Hi all,
Sorry for the follow up on this, there was some conversation about this
service this morning (and the breakage in build 17 that this bug fixes)
On 03/20/13 11:07 AM, Erik Trauschke wrote:
On 03/19/13 01:51 PM, Tim Foster wrote:
https://cr.opensolaris.org/action/browse/pkg/timf/add-cronjob/add_cronjob-webrev
154: nit: /contains/contain/
you're testing only for the existence of ${CMD} in the whole crontab.
How likely is it that this test might find something the user put in
there (or asked differently, how unique is ${CMD})?
in particular, how it should deal with users that have commented out the
crontab entry the service creates.

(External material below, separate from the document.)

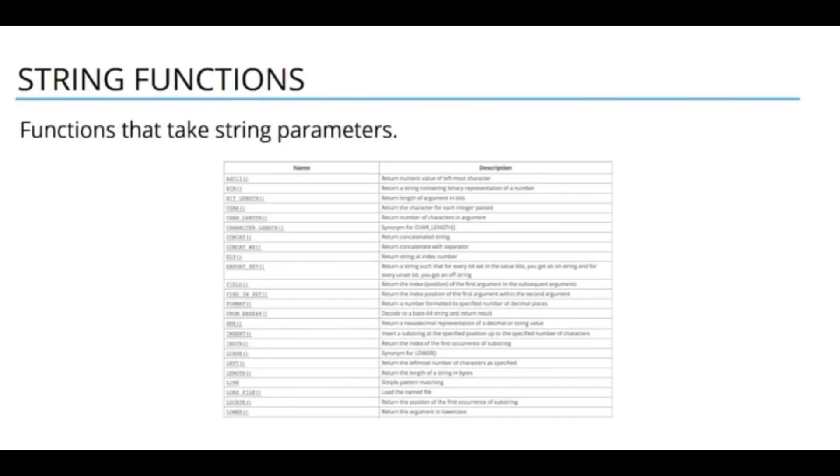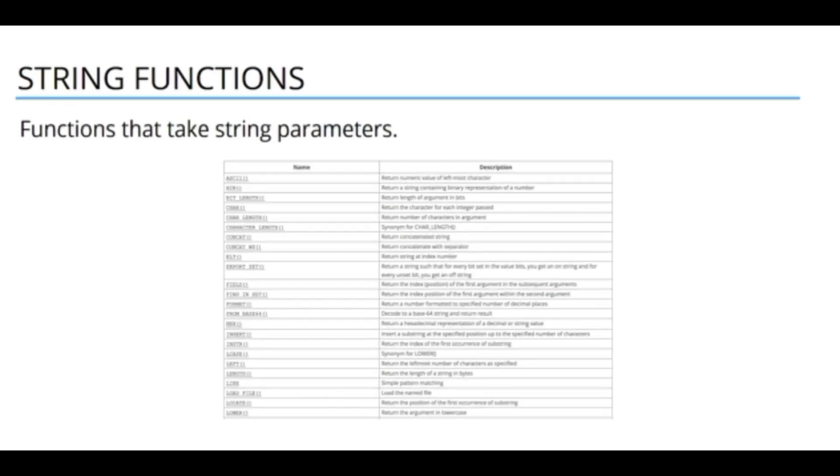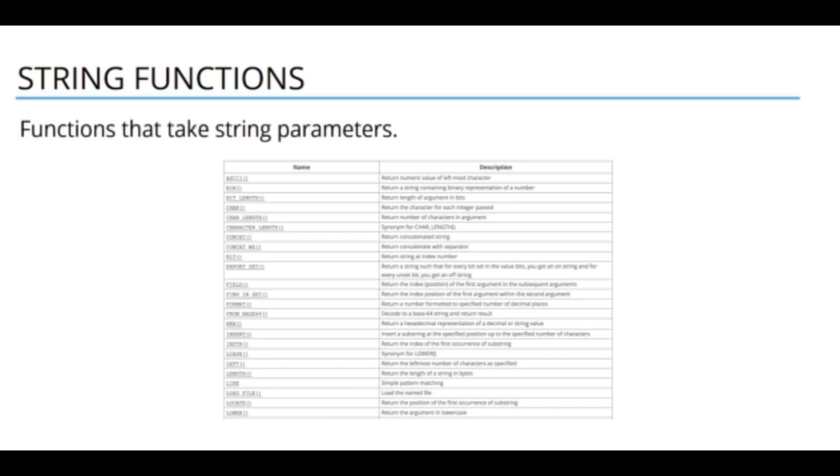String functions are functions that take in string parameters such as char or varchar data types. There are many different string functions as you can see from this picture, and that's only half the number of string functions in MySQL. You can see there's lots and lots of string functions. In this section, we're only going to look at the most important and the most widely used string functions in MySQL.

I've a one-line change here that
specifically looks for uncommented entries when deciding to add a new
entry that I'd like to include with this putback:
---
diff --git a/src/svc/pkg5_include.sh b/src/svc/pkg5_include.sh
--- a/src/svc/pkg5_include.sh
+++ b/src/svc/pkg5_include.sh
@@ -152,7 +152,7 @@
$CRONTAB -l > $current_crontab
EXIT=0
# if the crontab doesn't already contain our command, add it
- $GREP -q " $CMD"$ $current_crontab
+ $GREP -q "^[0-9, \*]+ $CMD"$ $current_crontab
if [ $? -ne 0 ]; then
$GREP -v " ${CMD}"$ $current_crontab > $new_crontab
echo "$SCHEDULE $CMD" >> $new_crontab
---
the upshot is, if you've manually commented out the crontab entry, then
by enabling the service, it will always add it back in.
Without this change, if you enable the service, then comment-out the
crontab entry, and stop/start the service, the service will appear to be
online without the cronjob ever actually firing, which seems like a
worse user-experience to me.
I know this risks confusing the user ("Hey, I commented out that cron
entry, how come it keeps coming back!?") but ultimately, I hope that
some work elsewhere will help us from needing to deal with cron at all,
so this will be a short-lived annoyance at worst.